__ACTIVITY__
Set down all of the data exactly. Pictures stay out of the copy.
--- INPUT DATA Enclosed Below ---
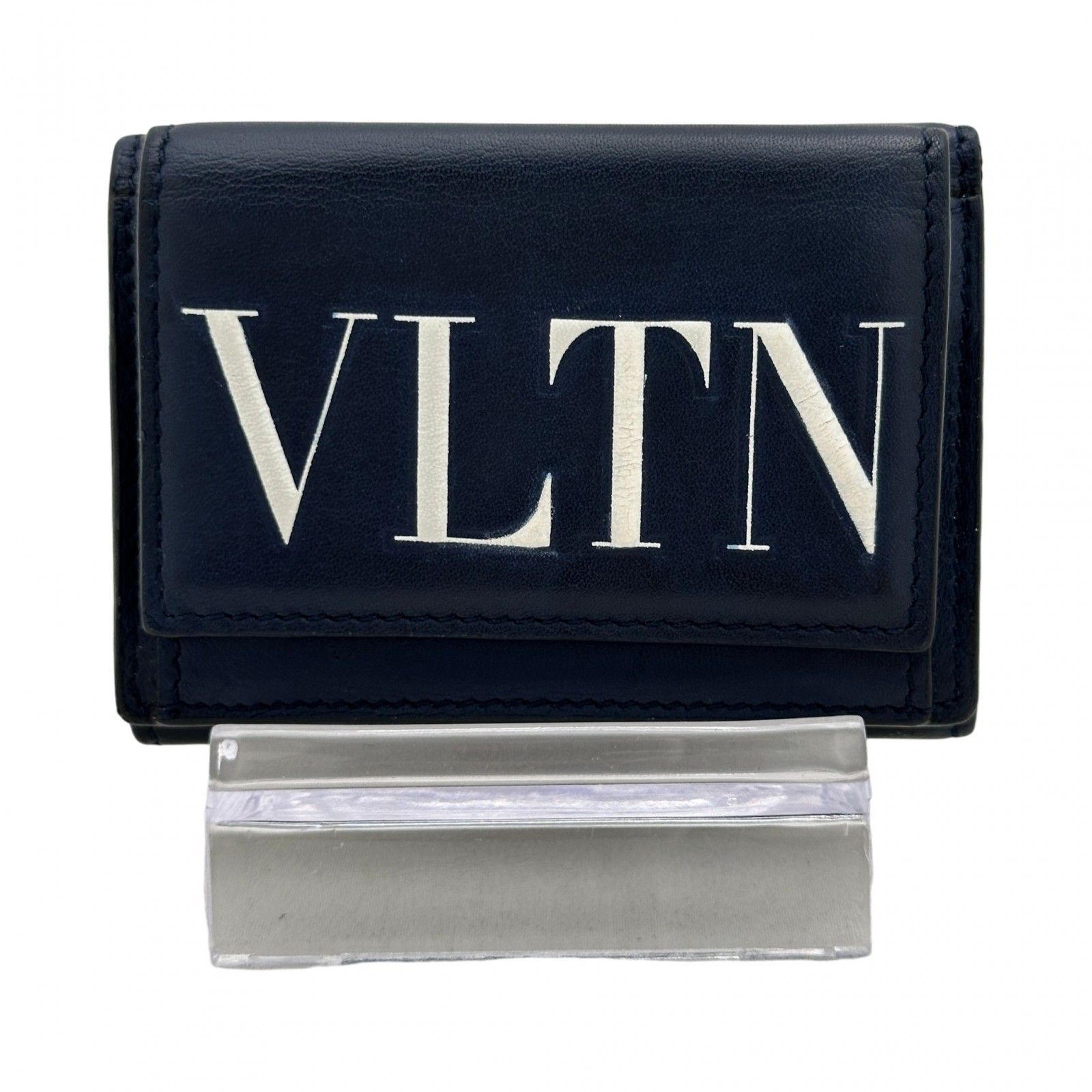 【中古】ヴァレンティノ 三つ折り財布 コンパクトウォレット VLTNロゴ ネイビー×ホワイト Aランク va7816br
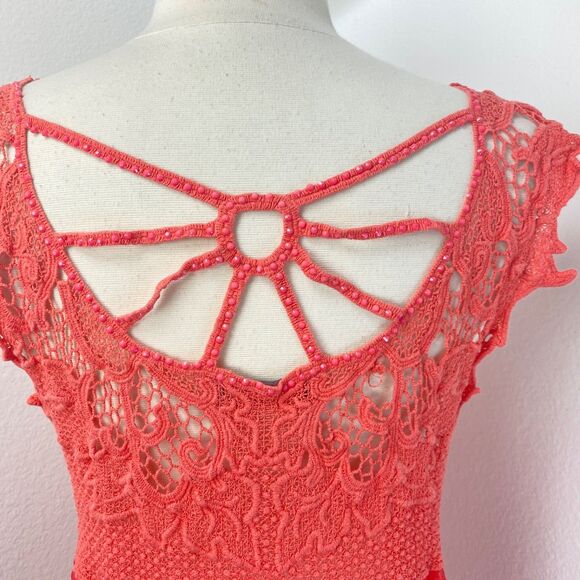 Janet Paris Orange Embroidered Mesh Top Tunic Large Studs Mesh Festival Boho - Picture 8 of 12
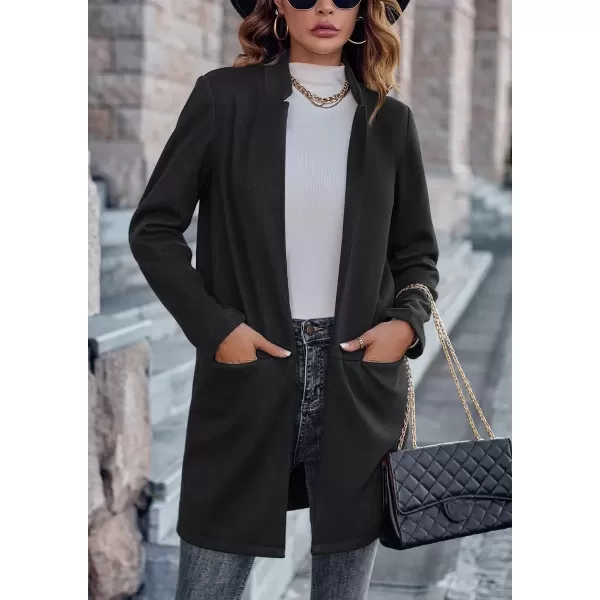 imagechouyatou Womens Casual Business Stand Collar Blazer Jacket Open Front Office Work Mid Long CoatsBlack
--- End of Enclosed INPUT DATA ---
__ANSWER BOX__
 【中古】ヴァレンティノ 三つ折り財布 コンパクトウォレット VLTNロゴ ネイビー×ホワイト Aランク va7816br
 Janet Paris Orange Embroidered Mesh Top Tunic Large Studs Mesh Festival Boho - Picture 8 of 12
 imagechouyatou Womens Casual Business Stand Collar Blazer Jacket Open Front Office Work Mid Long CoatsBlack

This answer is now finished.